A research project that measures how small local LLMs behave when run as
autonomous coding agents: where they stagnate and why, how their code quality
compares to frontier baselines, and which harness levers measurably move
completion. The instrument is a purpose-built agent harness — a Go
implementation of the **"Ralph loop"** — that runs a single fixed prompt
against a local LLM and lets the model act through tools until the task
*verifiably* completes, with no human in the loop.

The default subject is `Qwen3.6-35B-A3B-oQ6-mtp` served by a local
**oMLX** server (an OpenAI-compatible API) on an Apple Silicon Mac, but any
OpenAI-compatible endpoint and model work via flags.

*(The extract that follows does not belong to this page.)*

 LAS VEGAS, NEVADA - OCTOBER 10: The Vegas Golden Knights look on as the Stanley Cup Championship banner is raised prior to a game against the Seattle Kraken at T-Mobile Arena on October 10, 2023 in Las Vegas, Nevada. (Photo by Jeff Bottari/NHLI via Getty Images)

The measurements are the product. They live in
[docs/stagnation.md](docs/stagnation.md) (the stagnation study: why
fixed-window passes hit a re-orientation floor, and what clears it), in
`logs/runs.jsonl` (one record per run), and in `logs/judgments.jsonl`
(out-of-band code-quality scores, head-to-head against a real Sonnet-medium
solution — see [Code quality is a separate
axis](#code-quality-is-a-separate-axis)). The rest of this README documents
the instrument and summarises the findings.

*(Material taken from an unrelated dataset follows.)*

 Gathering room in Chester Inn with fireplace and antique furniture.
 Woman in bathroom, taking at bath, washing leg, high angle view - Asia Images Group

> **Working in this repo?** Read [CLAUDE.md](CLAUDE.md) first. It holds the
> engineering philosophy (disciplined minimalism, standard library only, Go as
> the only language) and the cross-file invariants you must not break. This
> README is the conceptual overview; CLAUDE.md is the contract.

## What the harness does

A run gives the model a task — a prompt plus a workspace seed — and a small set
of sandboxed tools: read / write / edit files, list directories, run the Go
toolchain, and a `done` tool. The model works until it calls `done`; the harness
then runs a **verification command** (default `go test ./...`) and ends the run
only if it passes. Completion is never the model's word for it — it's a gate the
model has to actually pass.

Two properties make that gate hard to game:

- **The tests are the spec, and the model can't author them.** Writes to
`*_test.go` are refused, so the model can't pass by gutting the very test it is
graded against.
- **"Passed" means the tests actually ran.** For a `go test` gate the harness
parses the `-json` event stream and accepts only when real tests passed — a
binary that prints `ok` and exits 0 without running anything (e.g. an
`os.Exit` in non-test code) is rejected.

Both raise the cost of cheating rather than making it impossible: the verdict is
parsed from the test binary's own `-json` markers, so a non-test `.go` file
compiled beside the spec could forge a passing one — print a `--- PASS` line,
then `os.Exit` before the real test runs. It's a narrow, documented hole,
acceptable for the local, non-adversarial model this targets; the
[CLAUDE.md](CLAUDE.md) invariants spell it out.

## Architecture

Two nested loops; the split is the whole idea.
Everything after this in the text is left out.